The morning saw us up early and we were thankful that it was bright and sunny as we crept out of the city and on to the outskirts where we were to join the cross-island highway, some 30 km away at a place called Jiasian.  We reached Jiasian  around 8:30 am and noted two things: (1) The distance to the east coast was 252 km; (2) that there were no gas stations along the way and that we needed to fill up our petrol tanks here.  A thoughtful reminder for the unwary traveler.

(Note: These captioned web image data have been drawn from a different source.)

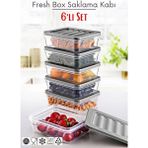 Open Home Concept 6 Lı Set Freshbox Mikrodalga ve Difrize Uygun Saklama Kabı Set - X6 0,6 Lt Gri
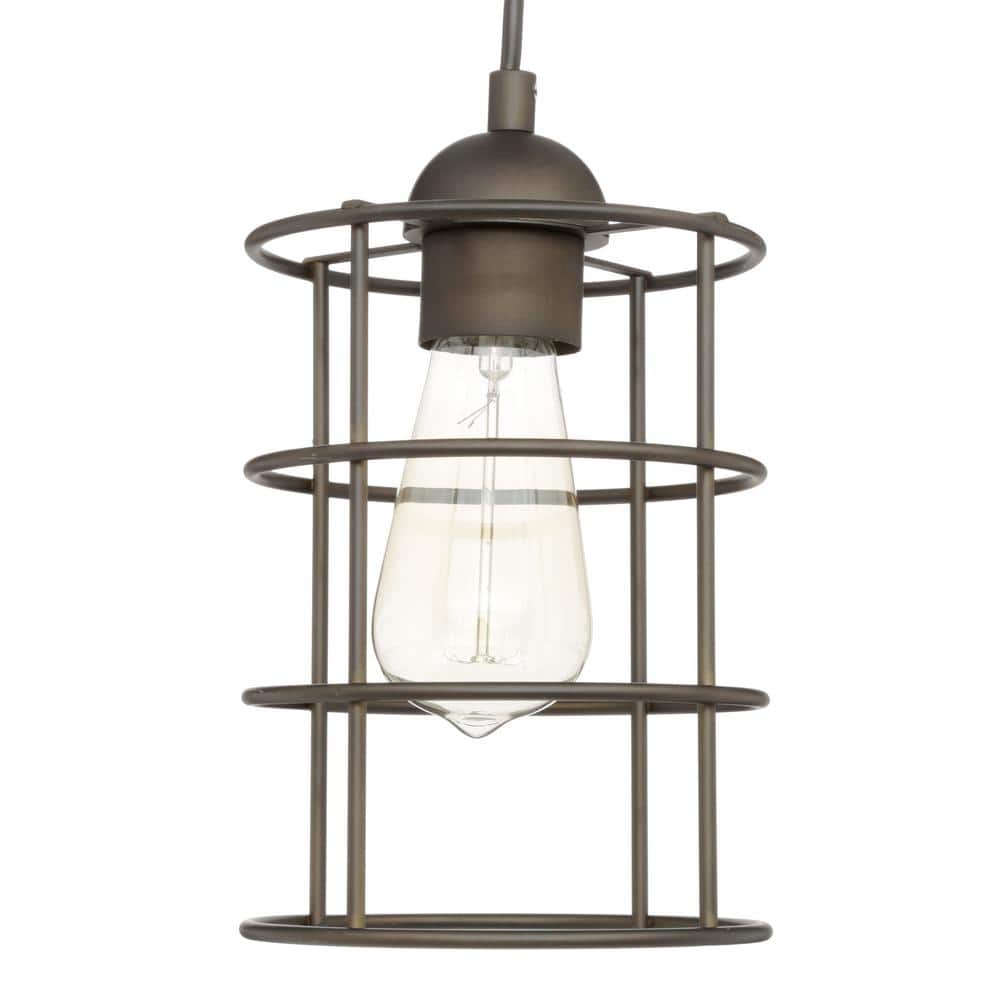 Oil Rubbed Bronze Mini Pendant Light with Adjustable Height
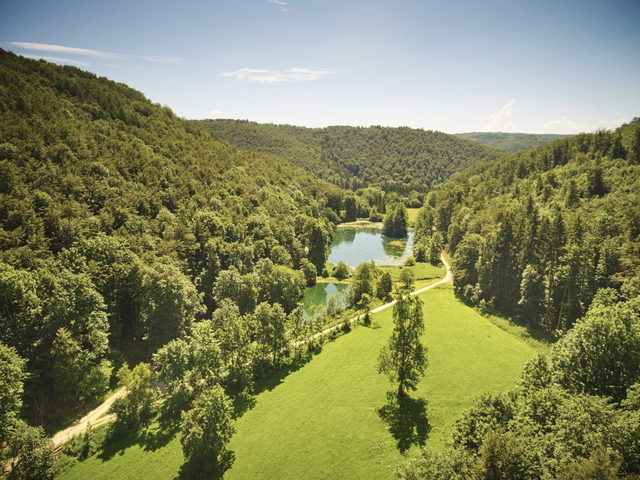 Kaltentalweiher zwischen bewaldeten Hängen
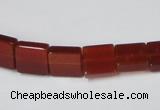 CAA175 15.5 inches 10*10mm square red agate gemstone beads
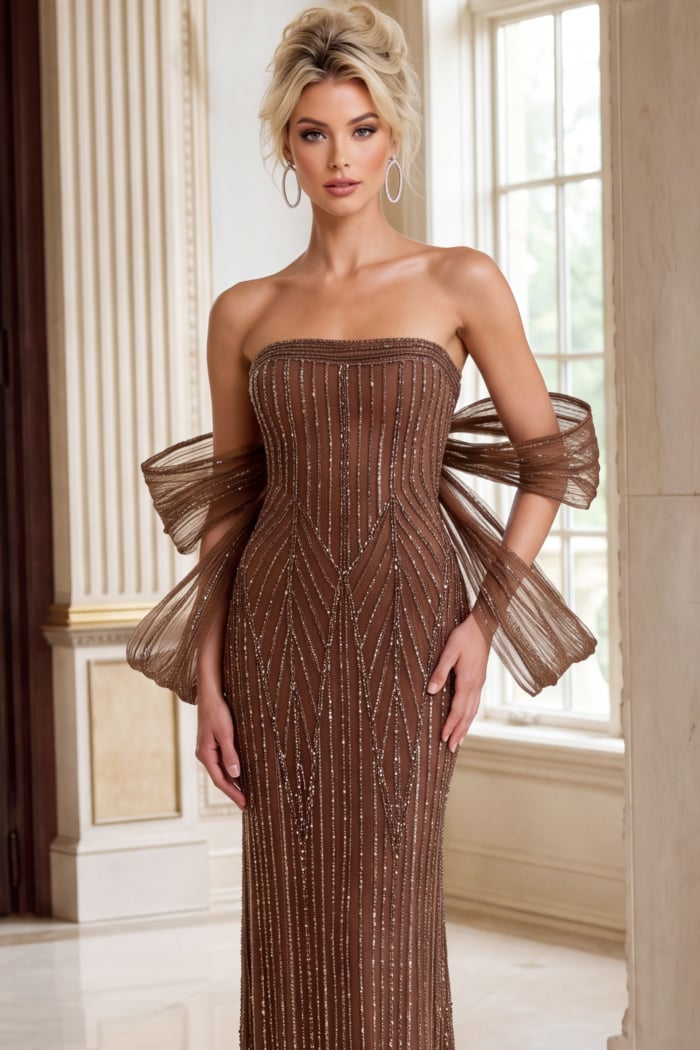 Jovani 49841 brown strapless beaded evening gown with dramatic pleated bow detail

The road from Jiasian onwards was mostly up-hill through beautiful hills and dales – a sort of Wordsworthian landscape – as we wandered amongst the clouds.  Most of these roads are at the foothills of Mt. Yushan (Jade Mountain) and the Yushan National Park.  One of the amazing wonders of Taiwan is that there are so many National Parks in this small island and each one is preserved and maintained so well in its pristine state as to give one the glory of the island at a glance.  Although human habitations do exist along the mountain route, there are very strict zoning regulations and one hardly sees any encroachment of the forest lands or deforestations of any sort.  The inhabitants here are mostly the aboriginal people who by vocation are farmers.  The orchards extend for acres on end and we caught the plum orchards in full blossom.   The plum and peach blossoms against a background of the rising mountains were spectacular and we just had to stop to take some pictures. The children were simply ecstatic: “I’m sure we can do the same in our hills back home,” they repeated over and over again. The similarities were hard to ignore  as we longed to be lost to wander lonely as a cloud; but we had to move on.

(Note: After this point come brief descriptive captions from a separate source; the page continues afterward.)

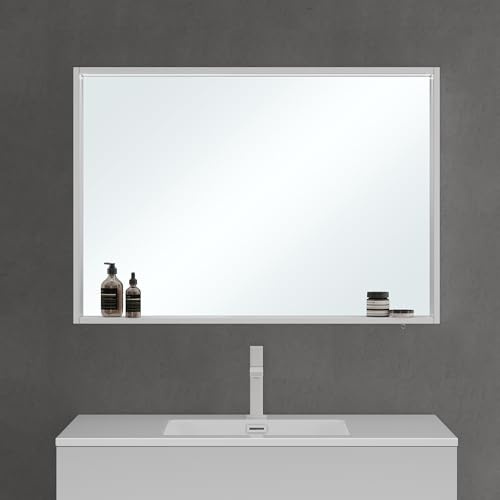 Mai & Mai Spiegelschrank Bad mit Beleuchtung Hängeschrank100x12x70 cm | Badezimmerschrank Badezimmerspiegel Weiß matt, 5mm Kupferfreier HD Silber-Spiegel, Spiegelschrank-01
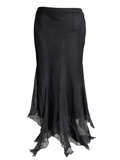 Silk Ruffle Asymmetric Midi Skirt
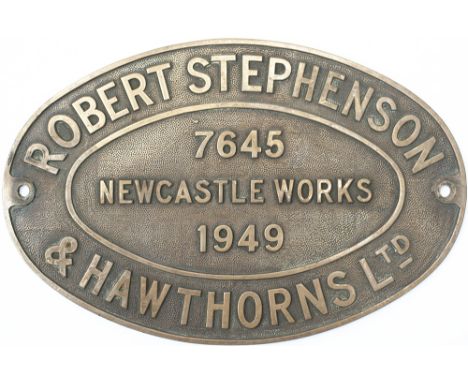 Worksplate ROBERT STEPHENSON &amp; HAWTHORNS LTD NEWCASTLE WORKS 7645 1949 ex 0-4-0 ST delivered new to Corrall &amp; Co Hamw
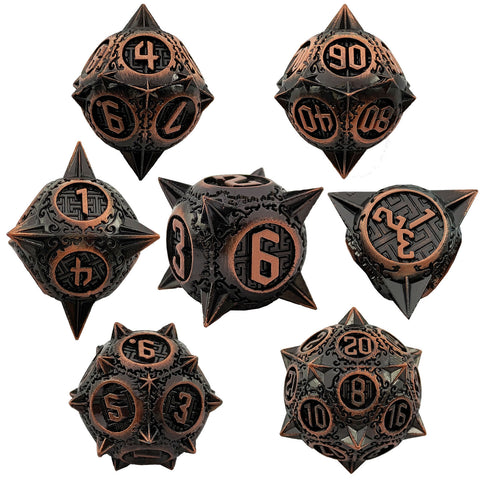 Meteoric Mace Solid Metal Dice Set – Stunning Color Options (Copper‑Blue, Bloodstain, Iridescent, etc.)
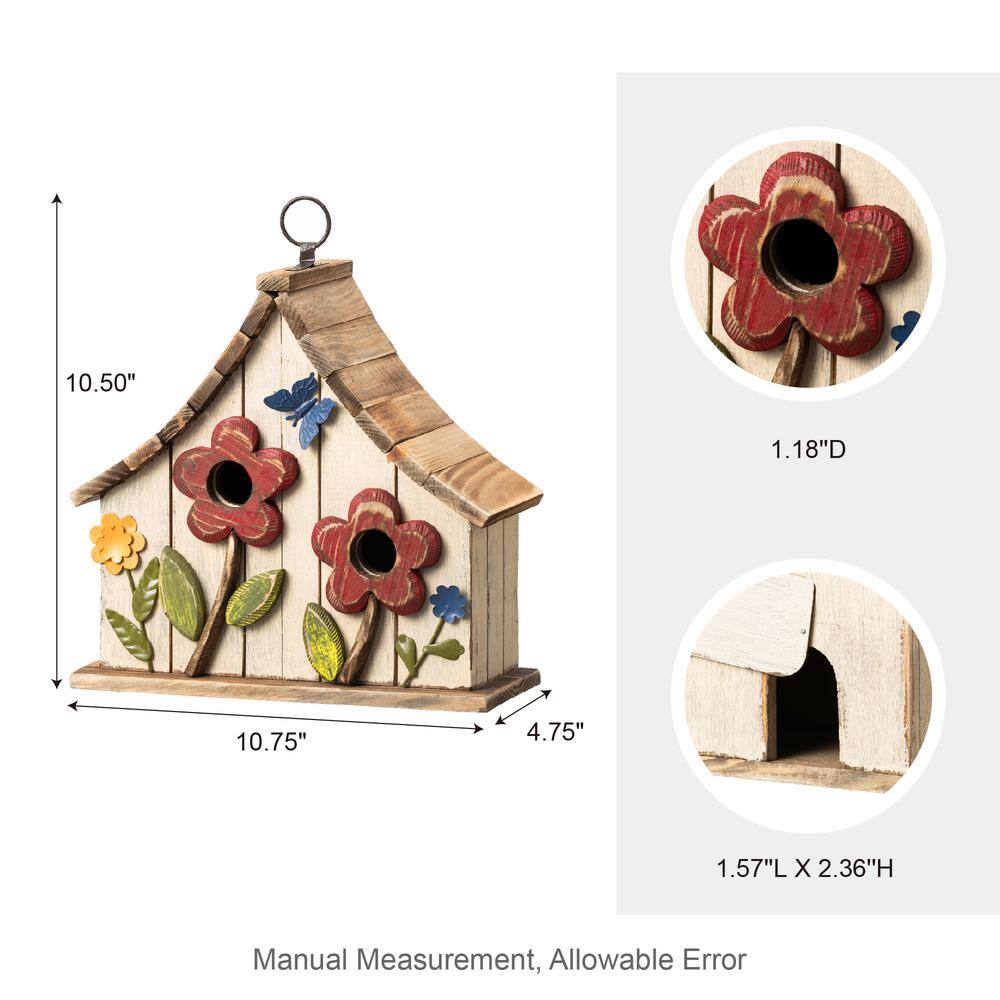 Distressed White Wooden Two-Story Garden Birdhouse with 3D Flowers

Mei-Shan, the entrance to the Yu-Shan National Park was our next stop.   Mummy was at the wheel and she had to drive very carefully as this was the first time that she was driving on mountainous roads; moreover, one has to be careful on these roads and watch out for frequent landslides as the geological/geographical topography of the island is relatively new (some 30,000 years since it was formed after its separation from the mainland) and the strata is relatively loose, consisting of small rocks and shale somewhat like the roads on the way from Medziphema to Kohima in Nagaland.  In fact, for most of the trip we had to watch out for falling rocks.  We didn’t stop here for long as we had to cross the mountains before three o’clock in the afternoon as visibility would be reduced to almost zero after then.  We drove further up till we reached Tien-shr  at around noon where we stopped a short while, ate lunch and was grateful to stretch our cramped legs.  High up on these mountains we had literally lost touch with the outside world as our mobile phones could not make contact.  This was to be a regular occurrence throughout the trip and we were getting used to it by now.  Was there any real need to contact the outside world when we were in one of our own in full conspiracy with nature?  Coleridge himself couldn’t have imagined a pleasure dome more paradoxically savage and enchantingly holy as these dark, snowy mountains “enfolding sunny spots of greenery.”

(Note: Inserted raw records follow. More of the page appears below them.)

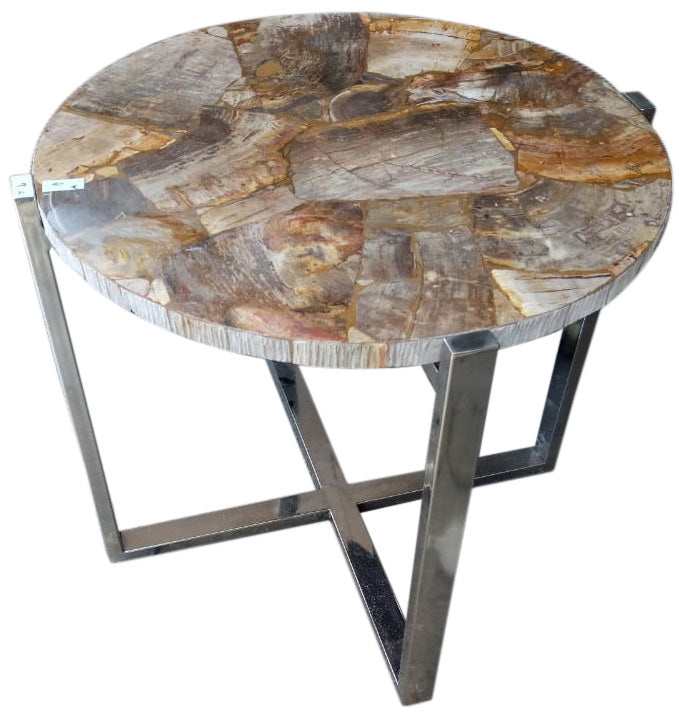 Table Petrified Slab With Stainless Leg Ptr150A_0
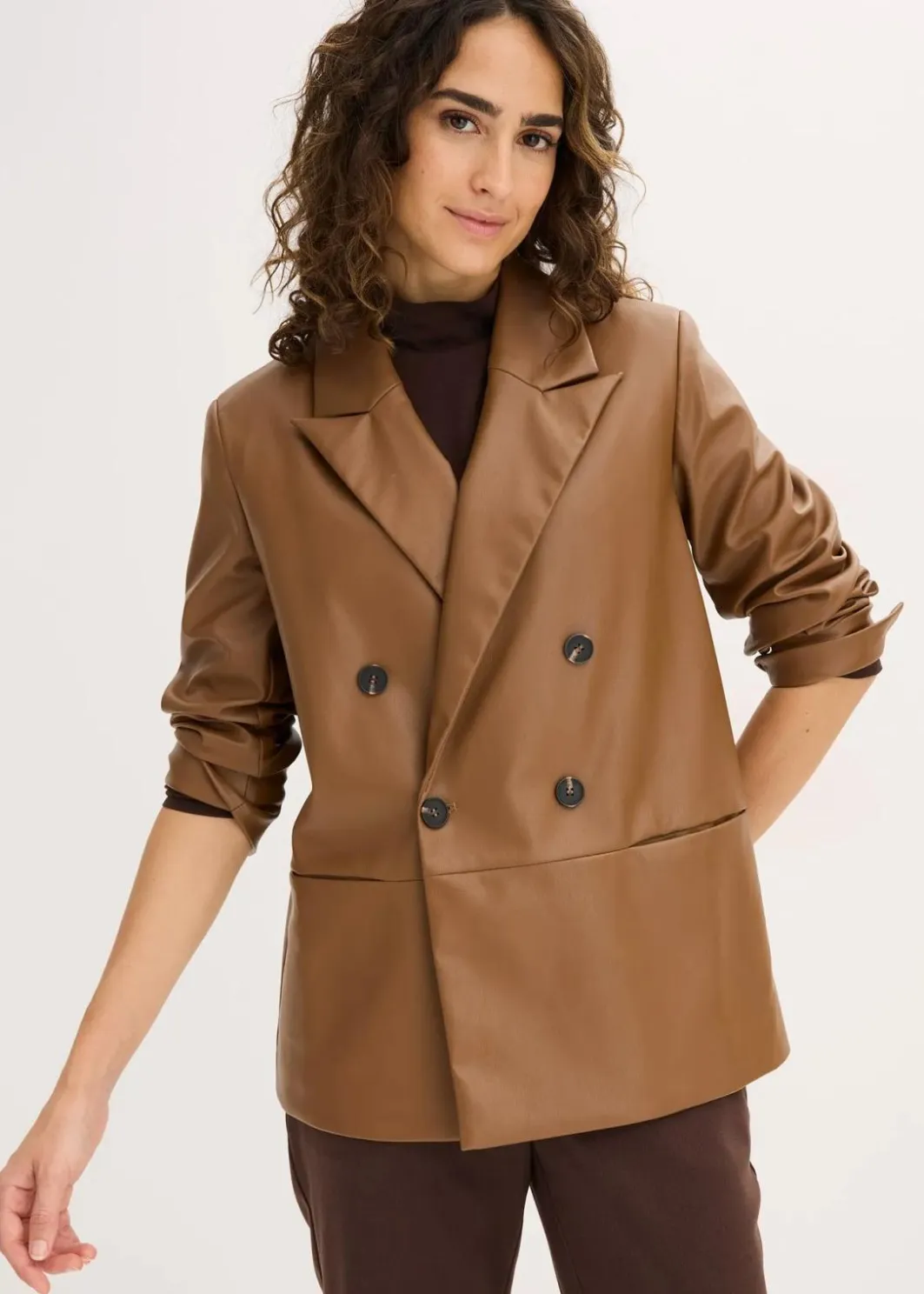Online Oversize-Blazer aus Lederimitat Damen Bekleidung·Basics|Nachhaltigere Materialien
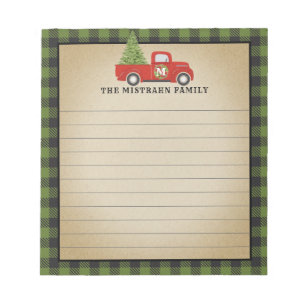 Bloc-note Monogram Christmas Red Truck Green Buffalo Plaid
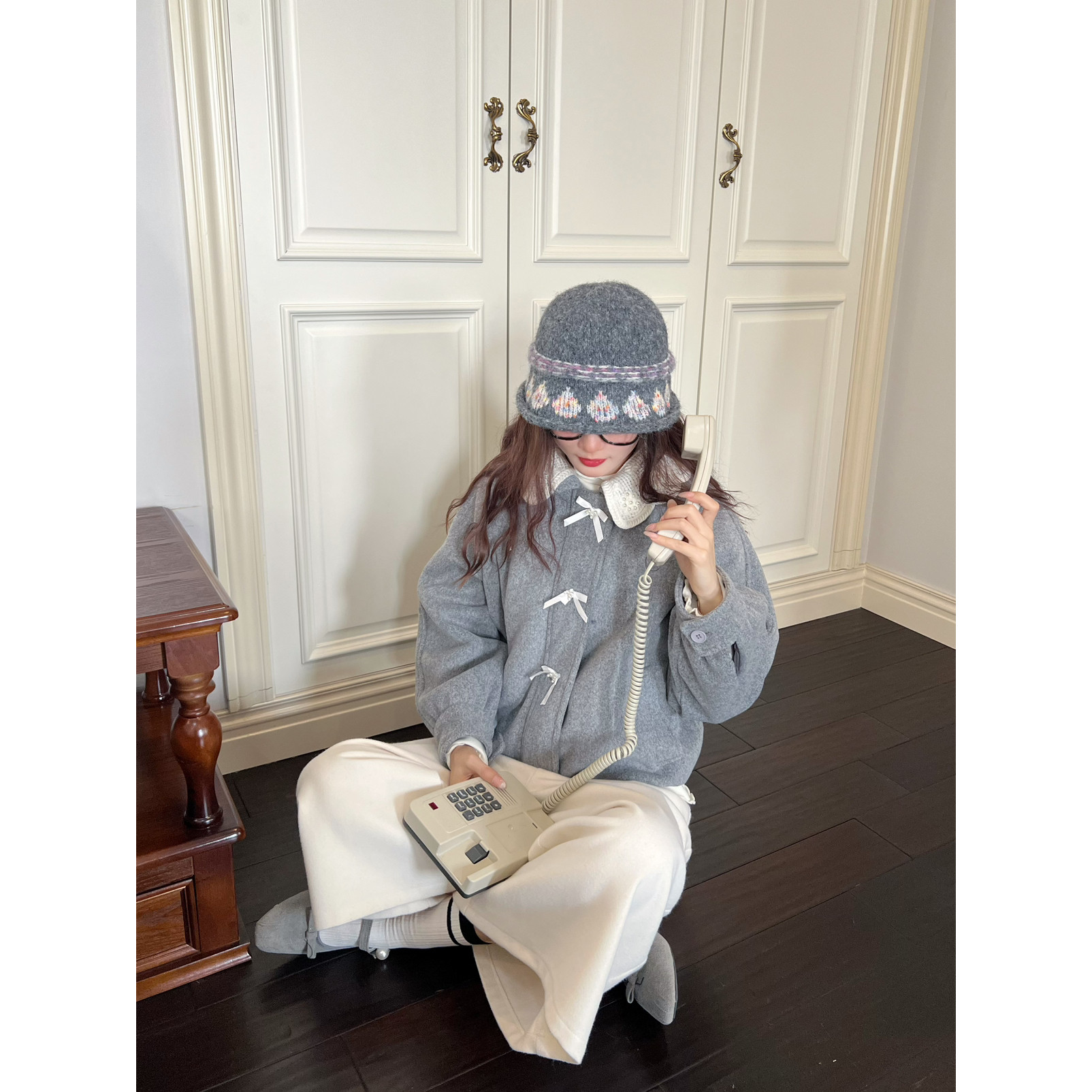 FEIMAO（YIMAO）-韩系秋冬新款小香风毛领短款毛呢百搭短外套（95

Time was short at 12:30 pm and we had to end our romantic tryst with nature as we had to get to the bottom of the mountains by 3 pm; so we set out again.  The road wound itself up as we reached the highest peak of this mountain range at a place called Kuan-Shan where the mountains are in constant dialogue with the rivers through the medium of the ephemeral mists.  Of course, we had to stop: “… just like on the way to Dawki or Nongstoin!”  These were meaningless names to those around us as they have never been there, but Cherrapunjee, yes, one has heard of the rainiest place on earth.  And yes, we were at Mawsmai Falls when the mists suddenly lifted for our benefit for a few seconds and we could get a rare glimpse of the famous falls.  We could see the similarity and the beauty of the places, the only difference, perhaps, being that scenic and tourist attractions in Taiwan are quite well developed and managed.  Here in the middle of apparent nowhere we found a few vendors selling barbecued sausages, corn on the cob, and coffee or tea.  Ah, and tea never tasted so good as up here in freezing temperatures and clean rarified air!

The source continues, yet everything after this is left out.